== Raw data ==

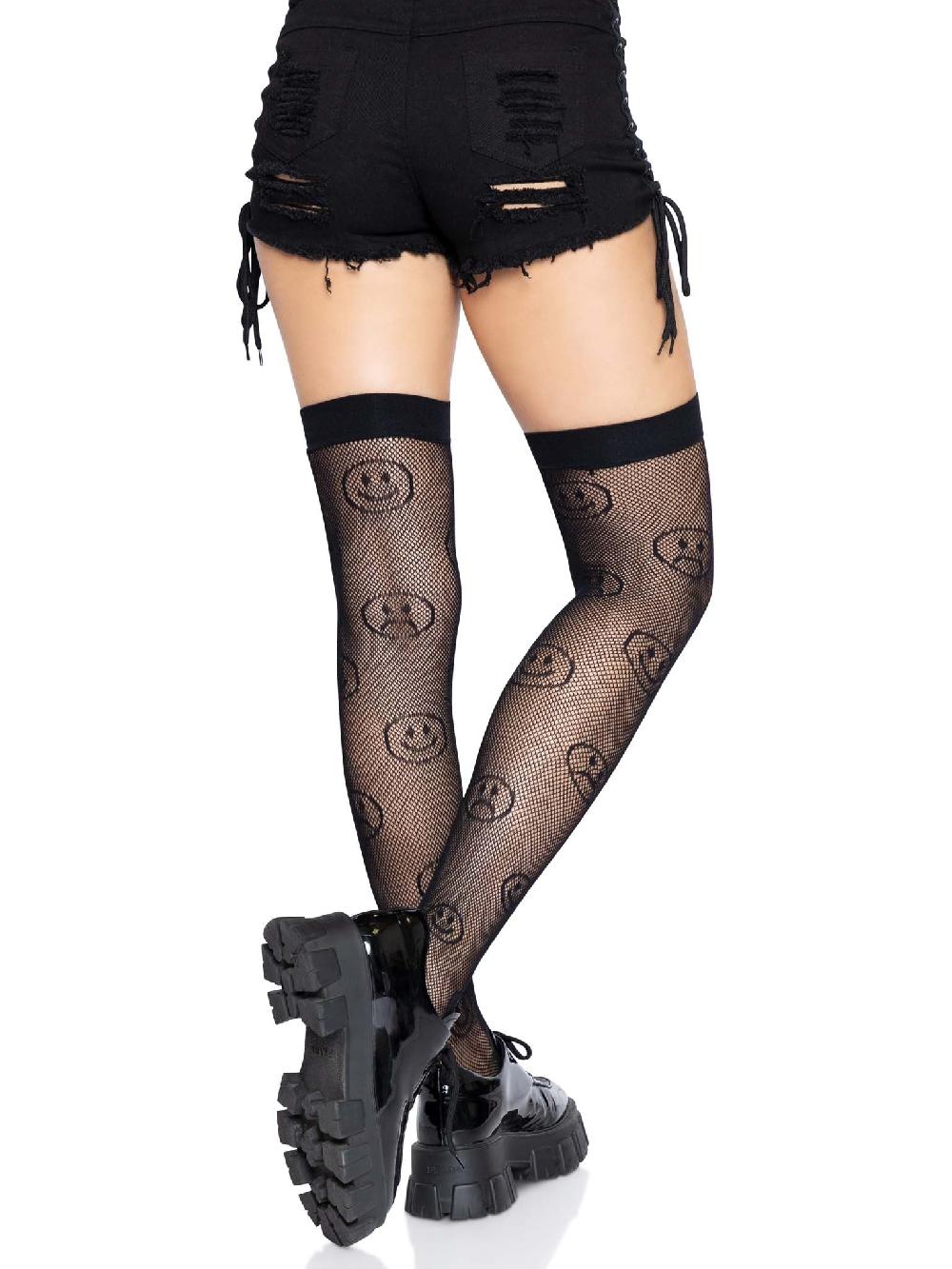 Leg Avenue Moody Fishnet Thigh Highs Black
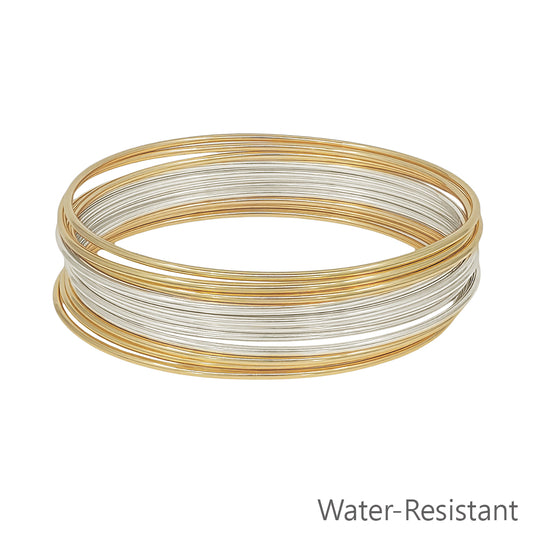 Water Resistant Thin Set of 12 Gold and Silver Bangles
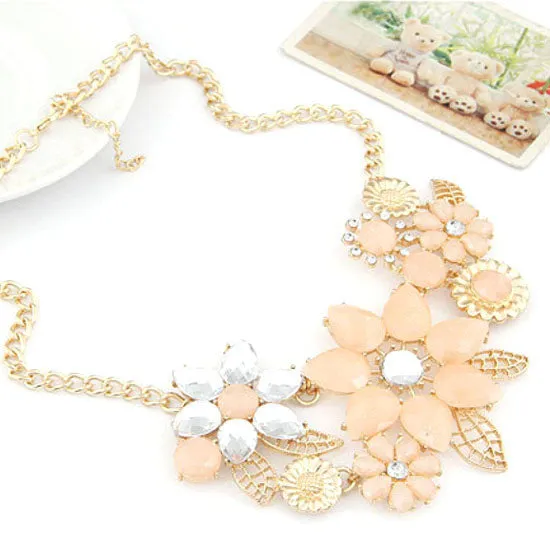 Fashion Elegant Women Pink Flower gold necklace Jewelry Choker Bib Statement Collar Chain Pendant Necklace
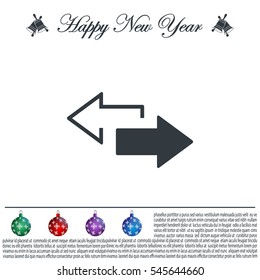 2 side arrow premium illustration icon, isolated, white on dark background, with text elements
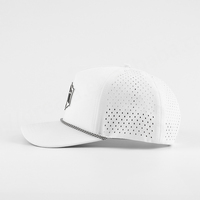Casquette unisexe structurée à 5 panneaux en tissu Oxford Dobby, respirante, imperméable, à motifs léopard, losanges et pois, réglable avec cordon et caoutchouc personnalisé, vente en gros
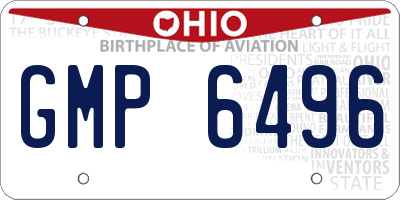 OH license plate GMP6496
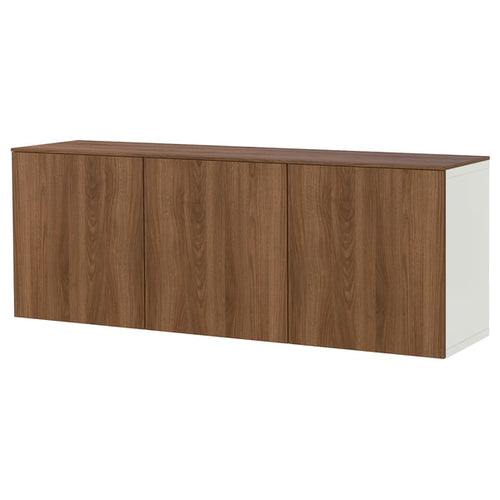 BESTÅ wall-mounted cabinet combination, white/Lappviken walnut effect, 180x42x65 cm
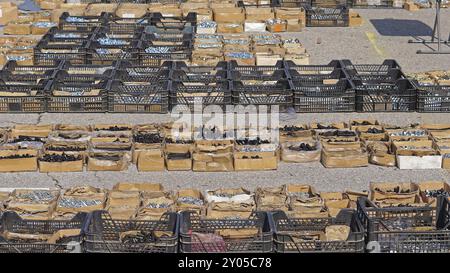 Hardware material in crates and boxes Stock Photo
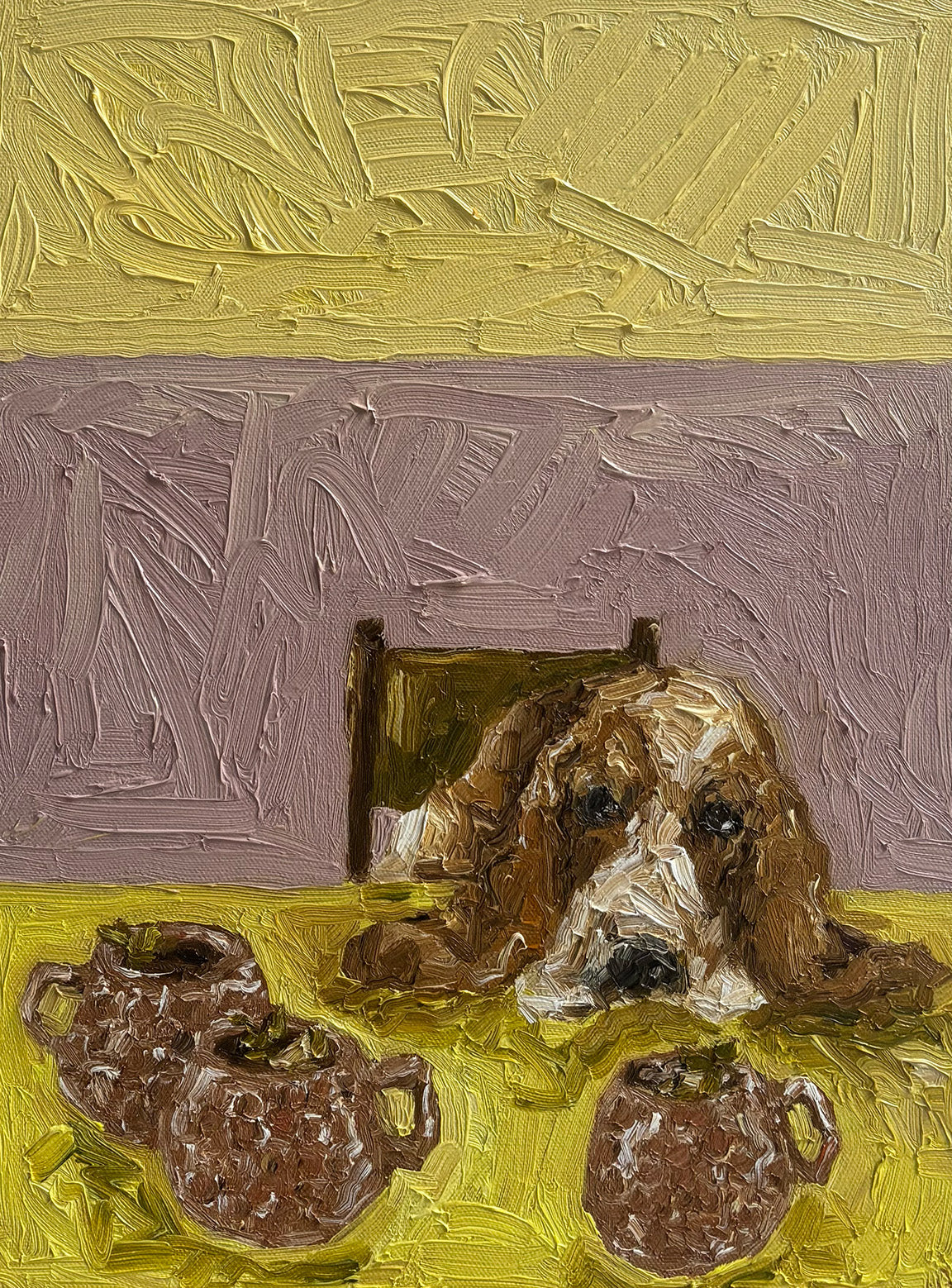 The "Moscow Mule" by Leah Boyd is a textured oil painting of a dog resting its head on a table with three brown teapots, set against bold purple and yellow brushstrokes—an eye-catching canvas wall art.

===

=== Assigned task ===
Where a record above holds a picture, drop the picture and print the rest exactly.

=== Result of this task ===
 Leg Avenue Moody Fishnet Thigh Highs Black
 Water Resistant Thin Set of 12 Gold and Silver Bangles
 Fashion Elegant Women Pink Flower gold necklace Jewelry Choker Bib Statement Collar Chain Pendant Necklace
 2 side arrow premium illustration icon, isolated, white on dark background, with text elements
Casquette unisexe structurée à 5 panneaux en tissu Oxford Dobby, respirante, imperméable, à motifs léopard, losanges et pois, réglable avec cordon et caoutchouc personnalisé, vente en gros
 OH license plate GMP6496
 BESTÅ wall-mounted cabinet combination, white/Lappviken walnut effect, 180x42x65 cm
 Hardware material in crates and boxes Stock Photo
 The "Moscow Mule" by Leah Boyd is a textured oil painting of a dog resting its head on a table with three brown teapots, set against bold purple and yellow brushstrokes—an eye-catching canvas wall art.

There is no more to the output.